D. Co-Running Programs
The Xeon Phi coprocessor contains 60 physical cores and is capable of high computation density. It is worth exploring the viability of co-running jobs on the Xeon Phi. In this subsection, we present the experimental results (Figs. 17 -20 ) of corunning workloads that compliment each other on the Xeon Phi.
1) Barnes-Hut/Fibonacci: Co-running the Barnes-Hut and Fibonacci number calculation natively on the Xeon Phi shows that the processor can facilitate generous energy savings in this manner. These codes are able to co-run well because BarnesHut is a very balanced workload and benefits from using more threads, while Fibonacci actually declines in performance if more threads than a certain count are used. This allows us to give as many threads as possible to execute Barnes-Hut while leaving a small thread pool to execute Fibonacci. There are still some performance cost when natively co-running these programs, likely caused by sharing resources and memory contention, but the resultant energy saving is much greater. 2) SSSP/Fibonacci: Co-running SSSP and Fibonacci in the native mode shows similar results as co-running with BarnesHut.
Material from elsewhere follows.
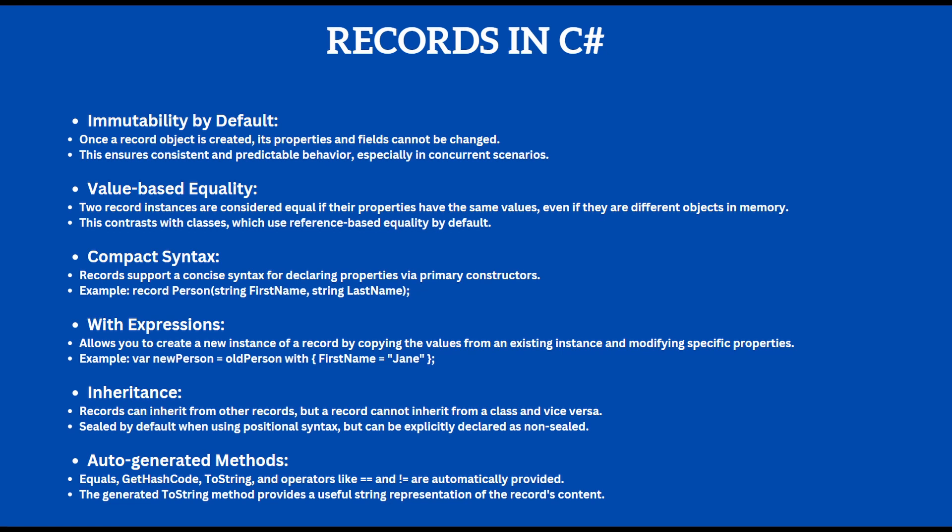The records have several auto-generated methods such as equals, getHashCode, and toString, and the toString method provides a useful string representation of the record's content.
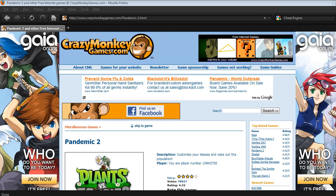Hello everyone, today I'm going to be teaching you how to hack Pandemic 2 using Flash Hacking. You can use the process of Flash Hacking, which I'm going to show you in Pandemic 2, to almost any game.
Fibonacci is an example of a workload that will perform well when co-running with other codes with high degree of parallelism. As such, SSSP is still a good candidate to co-run with Fibonacci 46 despite its runtime and energy not scaling between utilizing 120 and 240 threads. Therefore, it makes sense to run SSSP and Fibonacci cooperatively with the same thread distribution as Barnes-Hut/Fibonacci is executed. Corunning codes on the Xeon Phi is analogous to space-sharing in a GPU, where different execution kernels will co-run on the GPU utilizing independent hardware blocks. Assuming memory contention is low, each of these co-running codes will return with little performance cost. This is the case that we see in co-running Fibonacci and two other workloads with the optimum thread distribution (235/5). 
V. CONCLUSION
This paper studies the power and energy characterizations of four parallel programs (Barnes-Hut, Shellsort, SSSP, and Fibonacci) running on the Intel Xeon Phi coprocessor. These four applications have different workloads and we have shown their detailed performance, power and energy characterization results. A number of conclusions can be drawn from these results: 1) The power trace generated from the built-in power sensors of Xeon Phi can accurately capture the run-time program behavior; 2) Xeon Phi threads consume great power even when they are sitting idle, which indicates that we should make sure each thread will have sufficient work to do once created; 3) Altering the number of executing threads can largely affect both performance and energy. Performance improvement tends to result in energy savings as well; 4) Running code in native mode yields better performance and consumes less energy compared to the widely used offload mode, which indicates that all codes that are suitable for native execution should be suggested to run in the native mode; and 5) Co-running programs with diverse workloads has potential to conserve energy with negligible performance degradation.